All I know is that in their day, directors like Sam Fuller, Sergei Eisenstein, John Ford, the ’70s version of Francis Coppola, Howard Hawks, Bernardo Bertolucci, Pier Paolo Pasolini, Stanley Kubrick, Robert Bresson and the 1950s incarnation of Nicholas Ray might perhaps meet with an operator like Yospe, just to be civil, but it wouldn’t be long before they’d leap up from their chairs, grab him by the lapels, bitch-slap him and toss him out of the conference room.

The point of Clifford’s story about men like Yospe and the syndrome they represent is that those days are over, and it’s time to deal with guys who, if they had their druthers, would make every brand seem a bit more conspicuous than it should be. These are the Hollow Men, and they more than have their foot in the door these days, which means, of course, that a process of slight but persistent polluting of the atmospheric aura of films is increasing. Which means in a roundabout way that thematic and spiritual elements in films are being subtly affected also.

“Now, having Campbell’s Soup or Chrysler associated with your project can be nearly as important to your pitch as signing Tom Cruise,” Clifford writes.

A contemporary urban flick without occasional recognizable brands flashing in and out of frame always feels slightly off, but you know with a guy like Yospe pulling strings there’s a decent chance that the brands will probably seem a bit too noticable.

As I wrote last September in response to a Hollywood Reporter piece about product placement by way of Brett Ratner Brands, “The attitude of the camera should always be, ‘Yeah, okay, a medium-sized Starbucks coffee is being sipped by the star of the film, but so what? Pay it no mind and listen to the dialogue.’ It should be, at most, a tiny bit more than subliminal.

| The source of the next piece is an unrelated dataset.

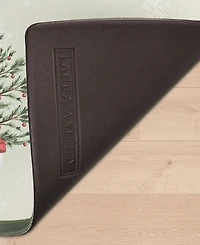 Laura Ashley Christmas Hollybrook Non-Slip 2-Piece Kitchen Mat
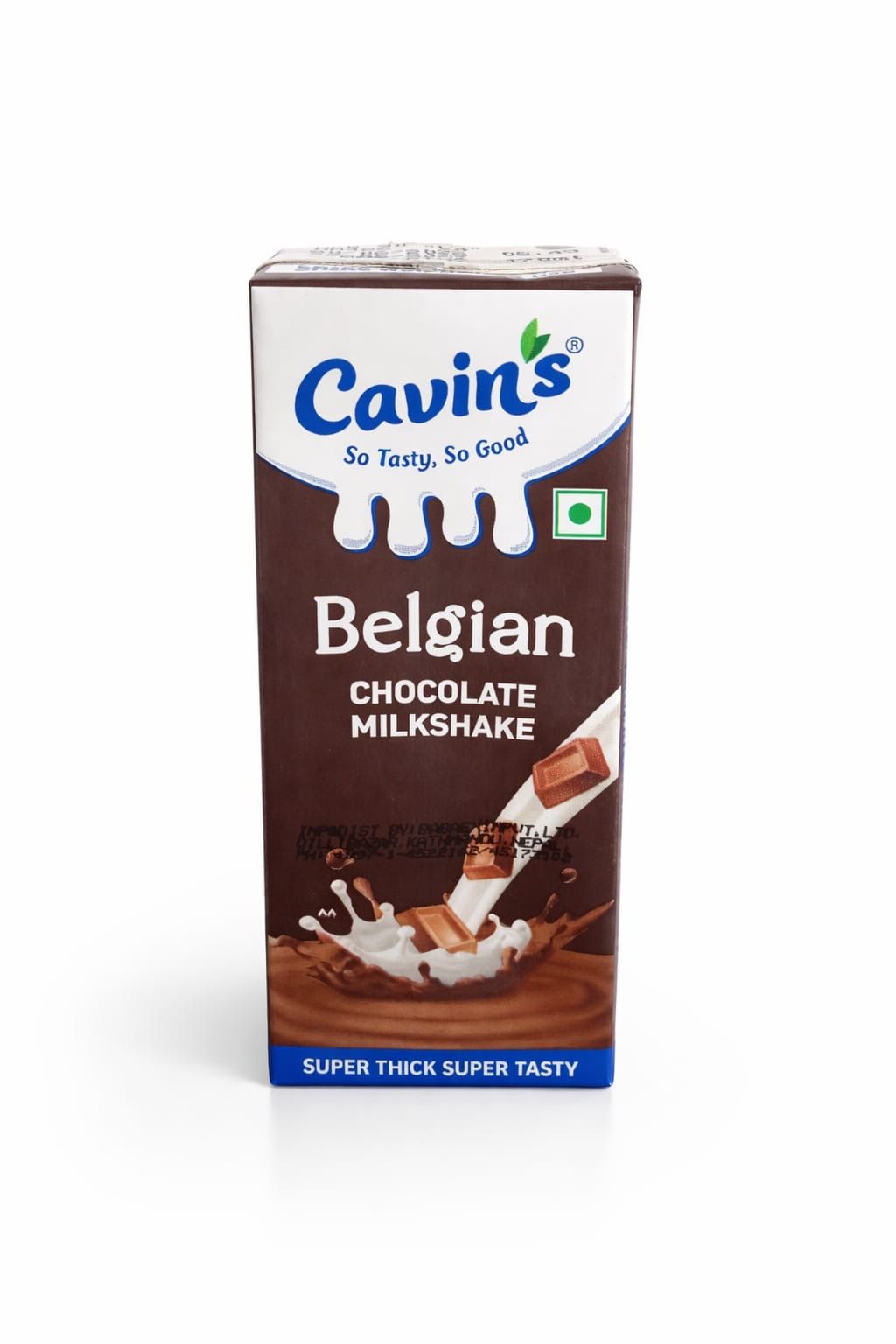 Calvin's Belgian chocolate milkshake_0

“Because once the appearance of a product registers a little too much, even for a second or two, the spell of the film is faintly disturbed because someone, you sense right away, has cut a deal.

“When did conspicuous product placement start appearing in films? I haven’t done the research but I wouldn’t be surprised if it was proven to have mainly begun in the ’80s, when TV executives began to migrate into producing features and running studios. Or in the ’90s, when the mentality of bottom-line corporate-think began to manifest more and more in films. I know that it was fairly unusual to spot a noticable brand of anything in movies of the ’70s.”

Yospe “cut his teeth wedging brands into shows like Survivor and The Apprentice while he was general counsel at Mark Burnett Productions,” Clifford writes.